On Friday night, the Carita Maison de Beauté held a fete at its just renovated Rue Saint-Honoré flagship, where Crazy Horse dancers performed on the arcing stairwell. Among the cocktail’s attendees were actress Monica Bellucci and Jean-Paul Agon, chairman of L’Oréal, which owns Carita.
Coco Rocha, a model and dancer herself, was among the guests at the five-story beauty mecca. She’d just finished the 101st Model Camp, a masterclass Rocha teaches for models from around the world. Already about 3,500 men and women have taken part in the program.
“It is for every model that I think needs to be represented,” she said. “I’ve had the youngest maybe 14 and the oldest 75, women and men in chairs.”
Rocha helps guide models in the right direction, to know, for instance, what contracts should be signed.
“It’s also pose, runways and all the fun stuff,” she said. “But the business side is the thing we are really, really focused on.”
Rocha teaches models to know their rights and to boost competence.
“I think we need more women helping women, but also just models helping models,” she said.
L’Oréal executive Elisabeth Sandager, who has been charged with turning around the Carita brand, was there, too.
“We keep the Maison de Beauté,” she underlined. “This is how I reconstruct the brand. I need a temple of beauty, where the whole thing started. I wanted to make it a luxury house, also with a restaurant and an apartment. I’ve been inspired by the heritage. It’s our first real step into luxury.”
John Nollet is the Maison de Beauté’s artistic director. The celebrity hairstylist said he had dreamed of the brand since the age of eight.
“This brand is just fantastic and unique,” he said.
The evening prior, on Sept. 29, at least four beauty parties took place simultaneously.
Frédéric Malle held an intimate sit-down dinner at Le Voltaire to celebrate his collaboration with designer Pierre Hardy. The two had teamed on purse sprays years ago and kept in touch ever since.
“There’s always the dreaded moment of doing things for Christmas, which I find ever so commercial and not so close to my brand. I thought that I could ask Pierre to be Santa Claus this time and invite him like as a special guest,” Malle said. “It’s a way to sort of celebrate our friendship, but it’s also a way to celebrate the fact that for many years we have had a very similar approach to things. We’re both complete modernists, yet we are rooted in the past through culture and love of design.”
Malle described Hardy’s signature cube motif as “modern.” “It could have been a Sol LeWitt, but yet it’s a very classical Roman design somehow,” Malle said. “So it’s really the epitome of what I like.”
For the holiday period, starting in early November, each of his brand’s red perfume sleeves will be replaced with a red, black and gray sleeve featuring Hardy’s pattern.
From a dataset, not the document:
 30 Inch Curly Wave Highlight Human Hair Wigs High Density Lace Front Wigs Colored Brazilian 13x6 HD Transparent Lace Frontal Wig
The home fragrances’ sleeves will be switched up, as well, and the designer created some necessaires with his oil cloth fabric.
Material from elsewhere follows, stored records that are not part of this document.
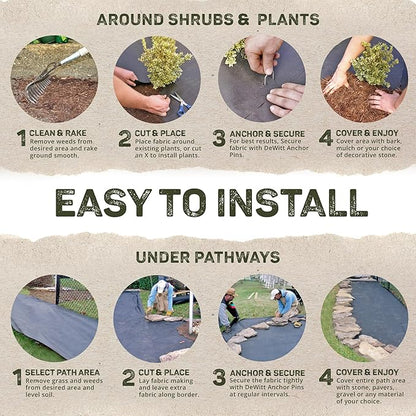 DeWitt 6-Pack Sunbelt Weed Barrier Fabric 3.2 oz, 6 x 300 Feet – Heavy-Duty - Image 5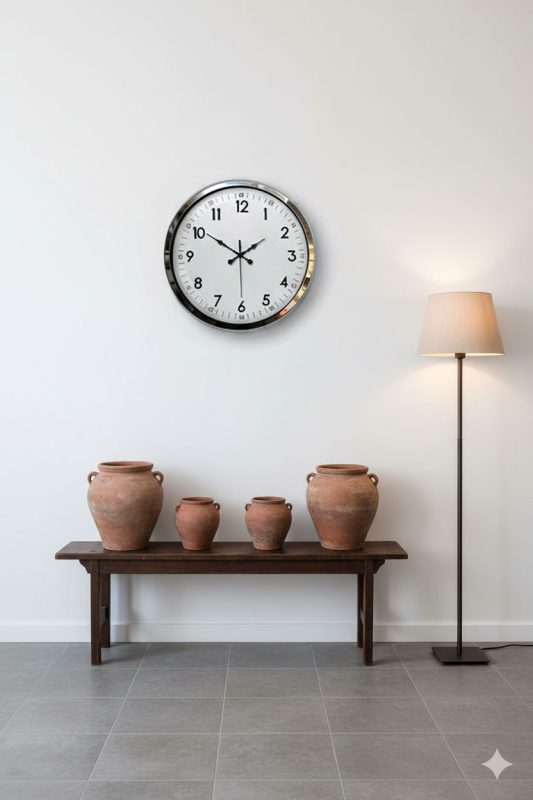 Dekoratif Duvar Saati Modeli | 40 cm Krom Metal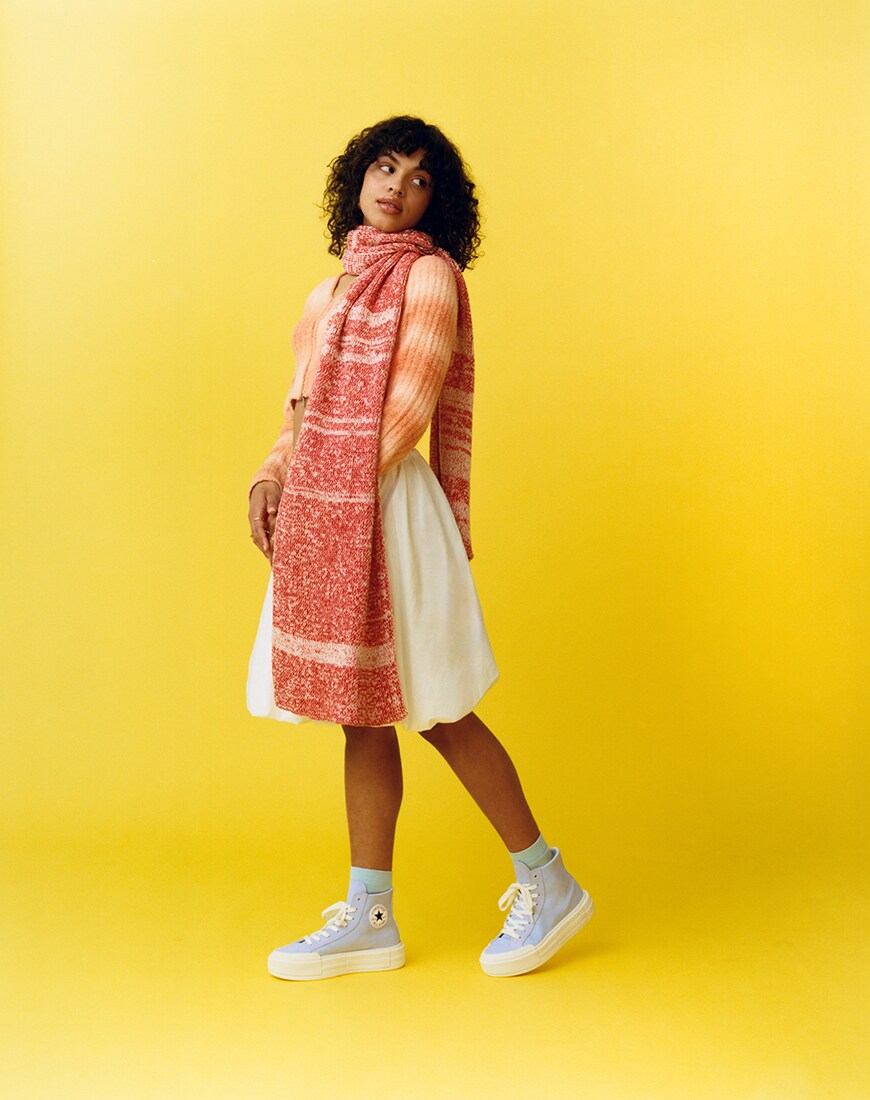 Model wearing pale blue Converse | ASOS Style Feed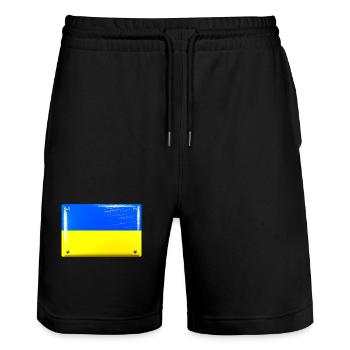 Drapeau jaune bleu de l’Ukraine Drapeau en étain Signe Look - Short de jogging bio TRAINER Stanley/Stella unisexe - noir - Devant - Nik (191cm) & Marisol (170cm)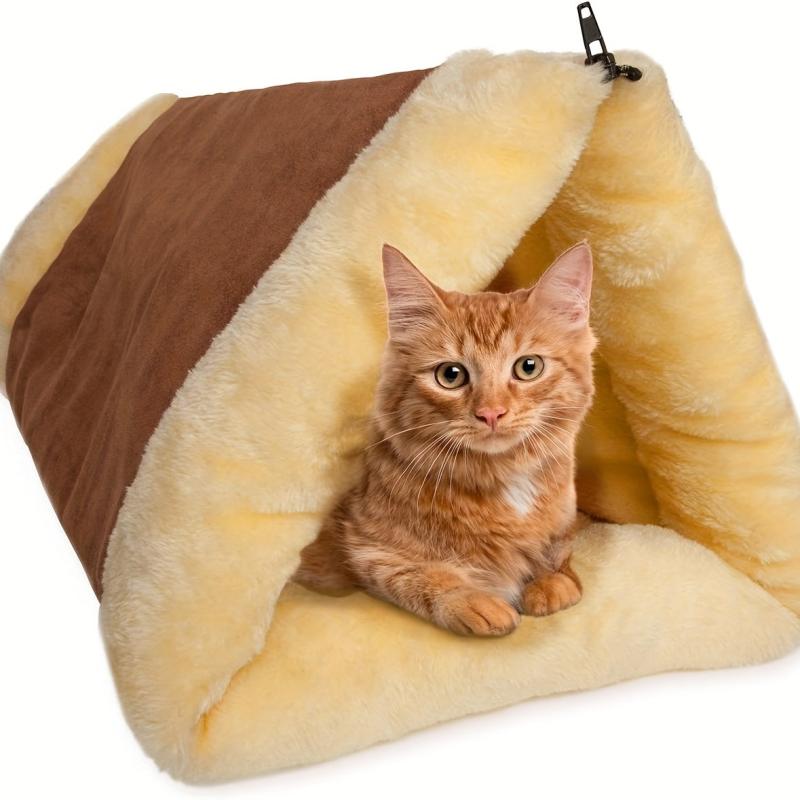 2 in 1 Fleece Tunnel Tube Cave Cat Bed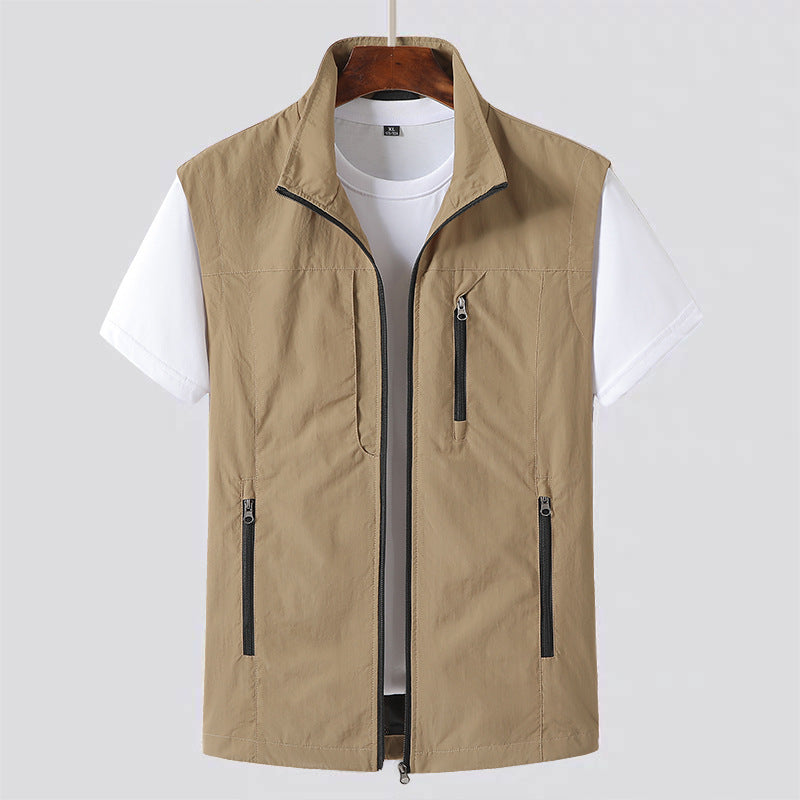Herre Let Gilet Zip Front Utility Vest Casual Lag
“He made some special designs for us, which I love,” Malle continued. “I want one. I haven’t had one yet — yeah, the secret intention behind this is that I want one of these for myself, and I hate begging.”
Just a few blocks away, Interparfums SA was having a cocktail party to officially inaugurate its new headquarters, located at 10 Rue de Solferino, the site of the former seat of the French Socialist Party. Hundreds of beauty executives poured into the buildings and courtyards.
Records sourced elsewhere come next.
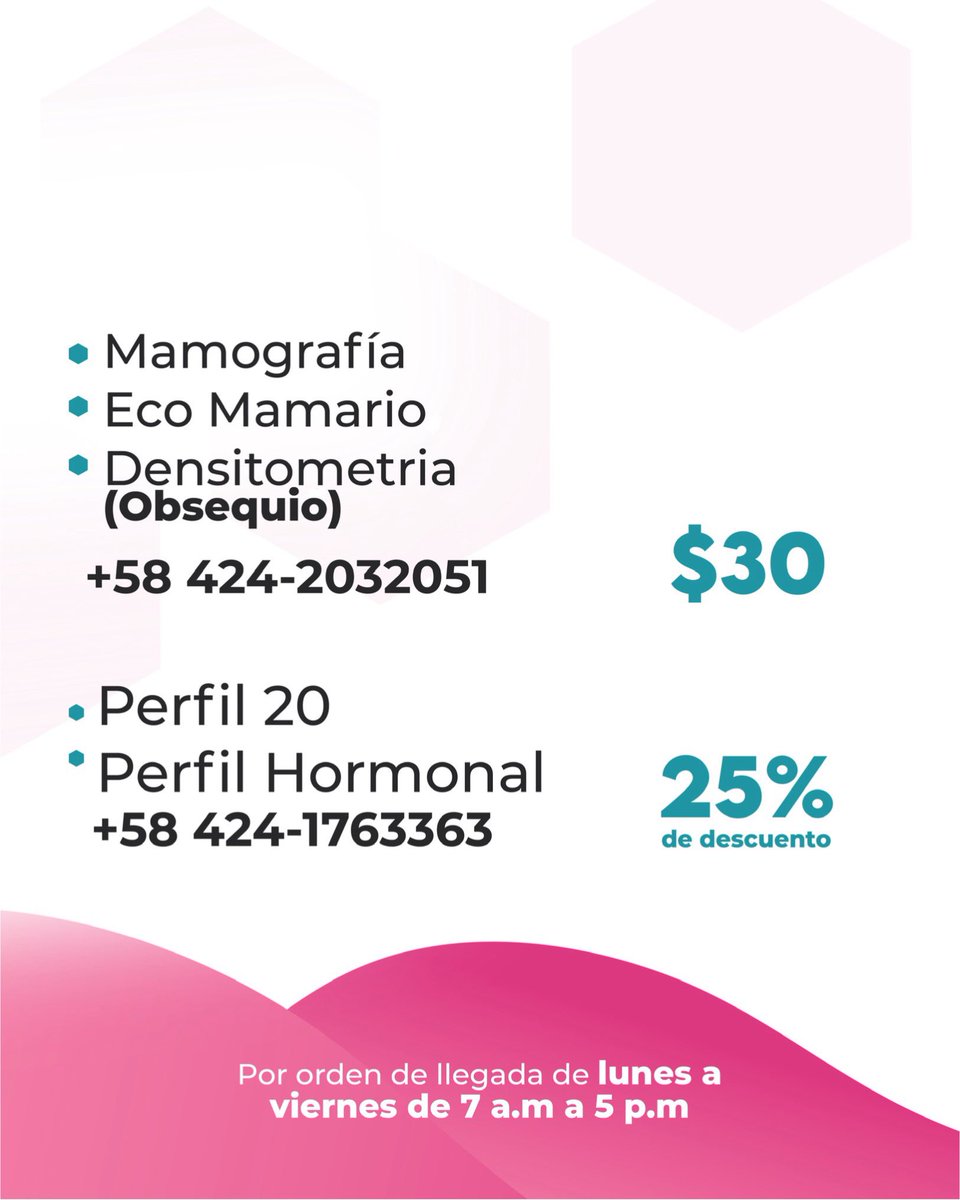 ¡Octubre es el mes de la prevención!

Por este mes tendremos promociones especiales en estudios ginecológicos, de imagen y laboratorio 💗

Promoción válida solo para mujeres👩🏻‍⚕️

Horario de atención: Lunes a viernes de 7am a 5pm⏰

Atención por orden de llegada📋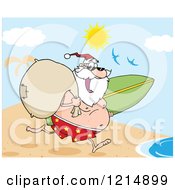 Poster, Art Print Of Happy Santa Running With A Sack And Surfboard On A Beach
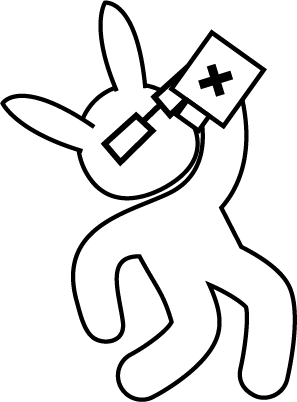 Vector image of a drunk rabbit.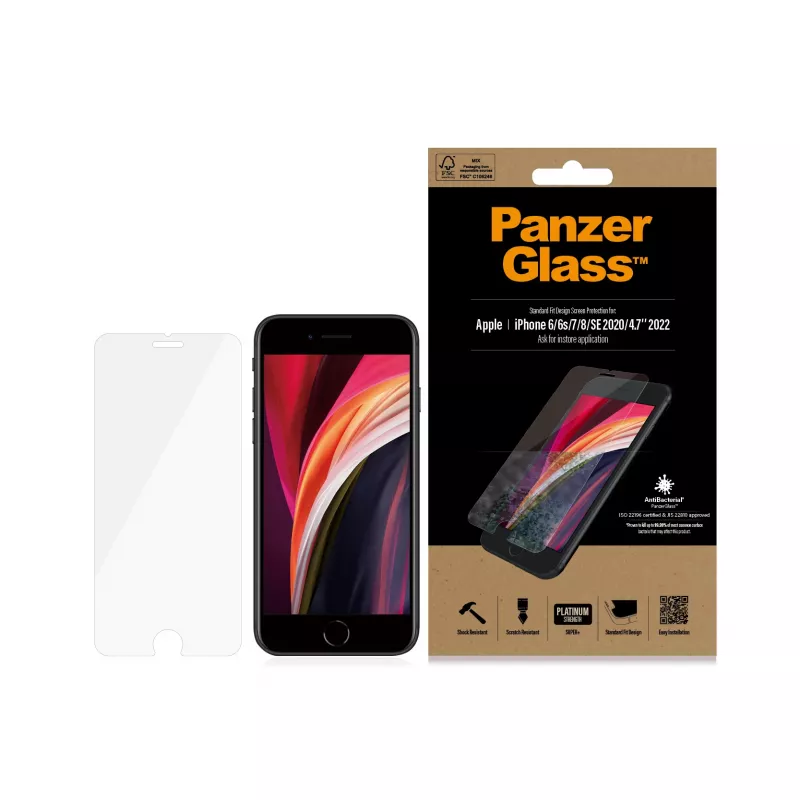 PanzerGlass ® Ekrāna aizsargs iPhone 8 | 7 | 6s | 6 | SE (2020/2022) | Standarta piemērotība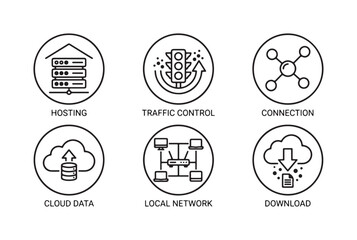 Fototapeta premium Network and Cloud Computing Line Icons with Circles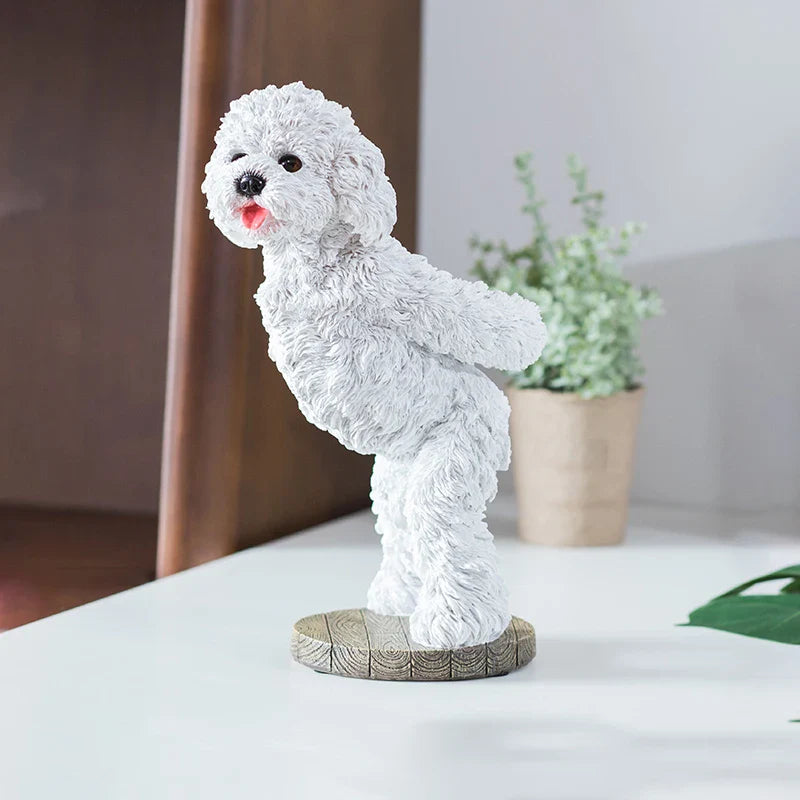 Close-up of the Party Puppy's playful expression and detailed resin texture.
Philippe Benacin, chairman and chief executive officer of Interparfums SA, said he loves the view from the terrace overlooking the three different buildings comprising the new headquarters.
Across the Seine, Byredo’s Rue Saint Honoré store was thrumming with music and people gathered to celebrate with Ben Gorham, the brand’s founder, and his newly minted image and makeup partner Lucia Pica.
Northward, Jean Paul Gaultier had a raucous party for Scandal, its fragrance masterbrand, in a mansion on the tony Place Saint Georges. Riffing on the boxing theme, scantily clad men wandered the rooms, and there were locker installations.